A música “Memórias do Mar”, de Maria Bethânia, explora a profunda conexão entre os marinheiros baianos e o mar, mostrando como suas vidas e identidades são moldadas por esse ambiente. O verso “metade de alma minha é feita de maresia” expressa claramente essa fusão, indicando que as experiências vividas no mar se tornam parte essencial de quem eles são. O movimento repetitivo das águas, representado em “Vai e volta volta e meia vem e vai”, simboliza o ciclo constante de partidas e retornos, típico da rotina dos marinheiros, e também reflete como as lembranças ligadas ao mar nunca se perdem totalmente, apenas se transformam com o tempo.

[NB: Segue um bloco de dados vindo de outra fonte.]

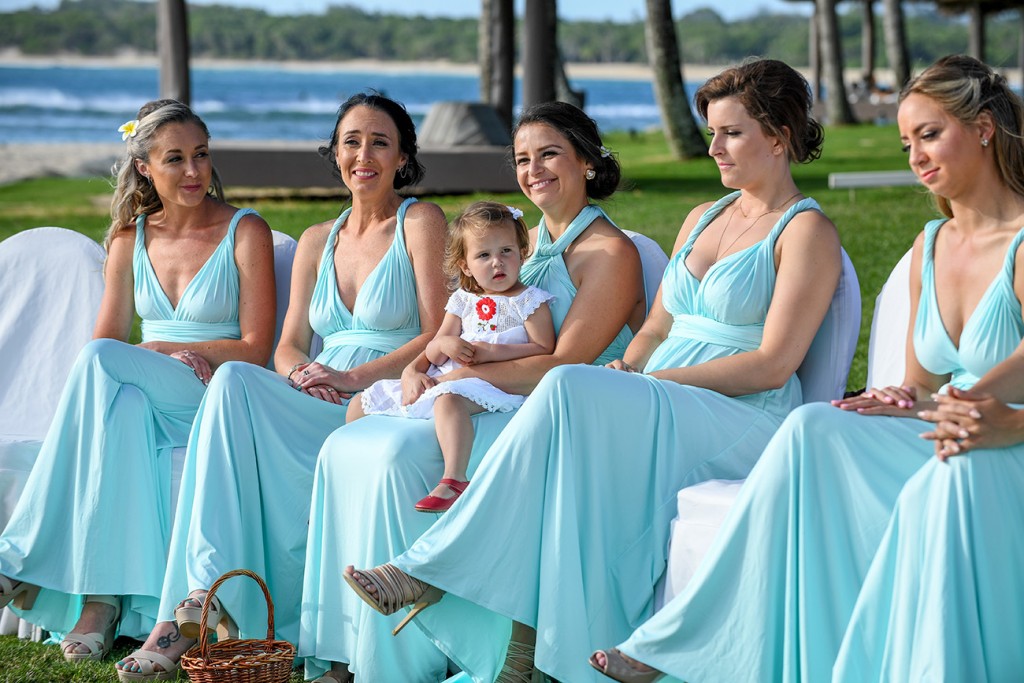A row of beautiful bridesmaids in turquoise blue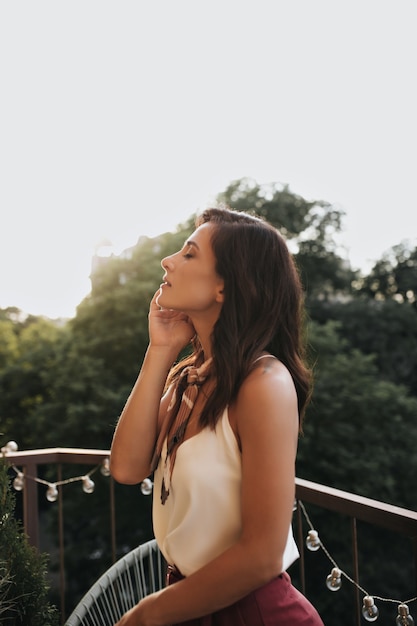 Lovely girl in white top and silk scarf enjoys summer day on balcony. profile photo of beautiful woman in stylish outfit on terrace.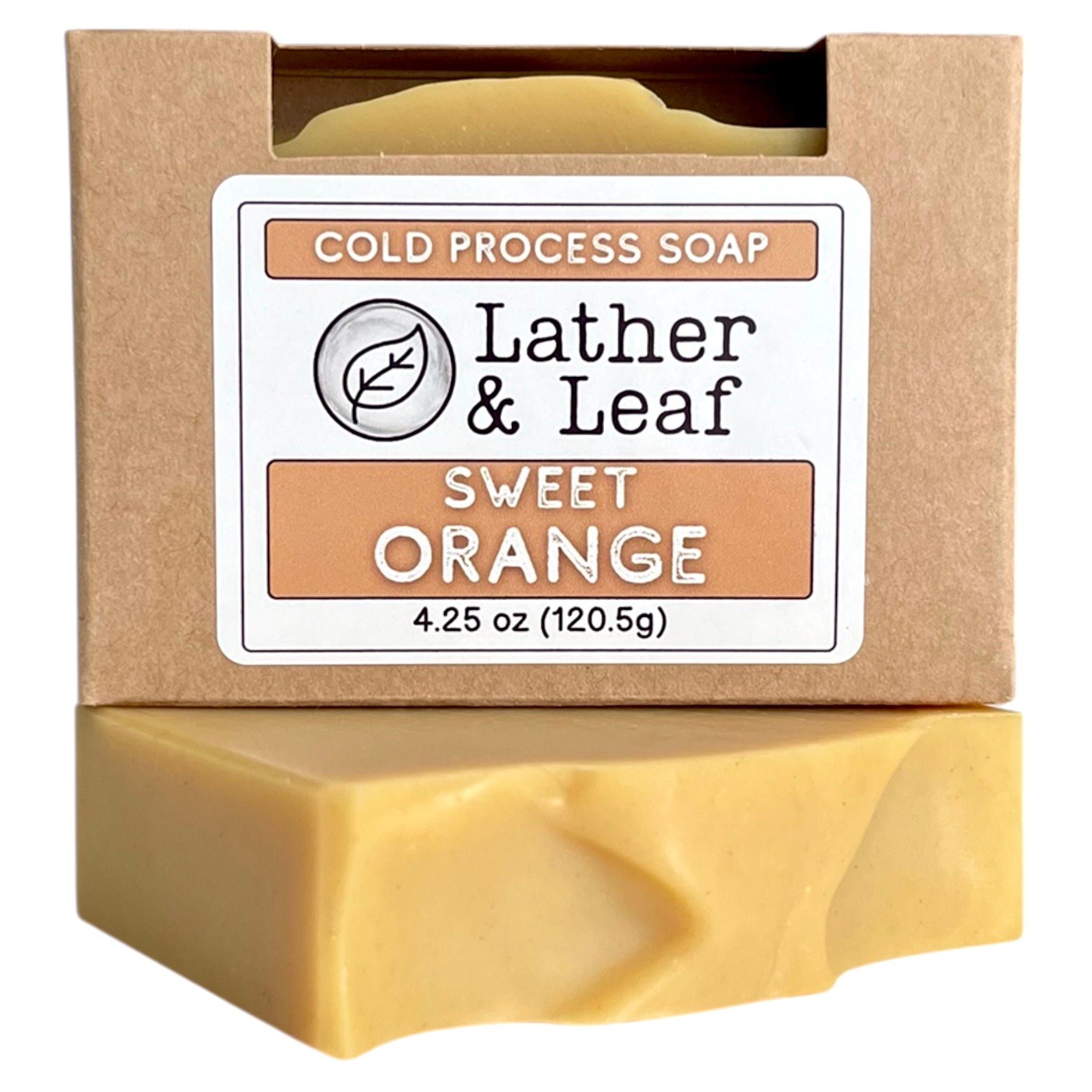 A soap box and bar of sweet orange essential oil soap with 'Lather & Leaf' packaging on a white background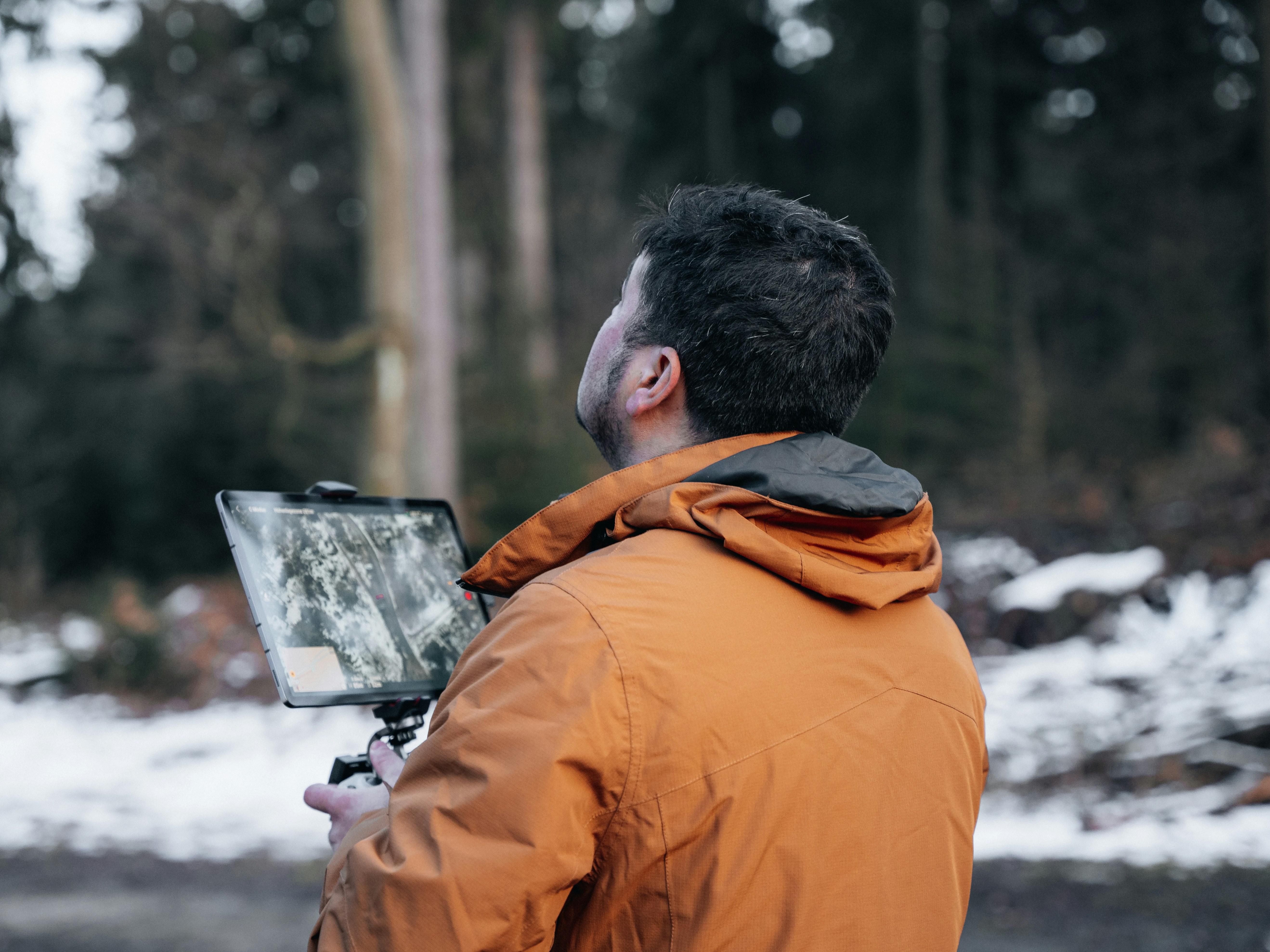 A man in an orange jacket holding a camera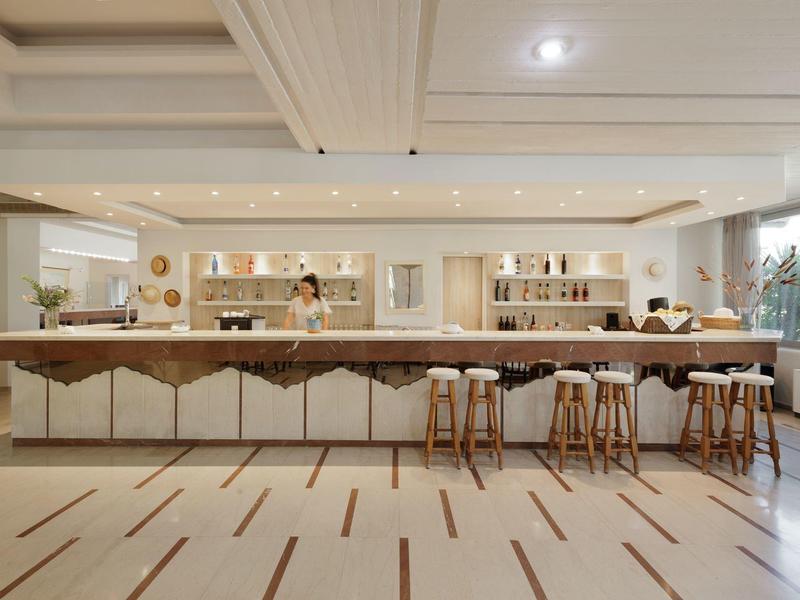 Moderner Tresen mit weißen Hockern und Holzbarhockern in hellem Raum mit großen Fenstern.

A canção presta homenagem aos “velhos marinheiros do mar da Bahia”, valorizando a sabedoria adquirida após anos enfrentando desafios como “tempestades e ventos, tufões violentos e arrebentação”. Esses obstáculos, que antes causavam inquietação, agora se transformam em “calmaria que dorme dentro do coração”, sugerindo um amadurecimento sereno diante das dificuldades. Ao citar lugares como “Plataforma” e “Peri-Peri”, a letra ancora essas memórias em territórios reais, reforçando o vínculo entre o marinheiro, sua terra e o mar. Assim, Maria Bethânia celebra a rotina, a dignidade e a herança emocional desses trabalhadores anônimos, mostrando como o mar é parte inseparável de suas histórias e identidades.
O significado desta letra foi gerado automaticamente.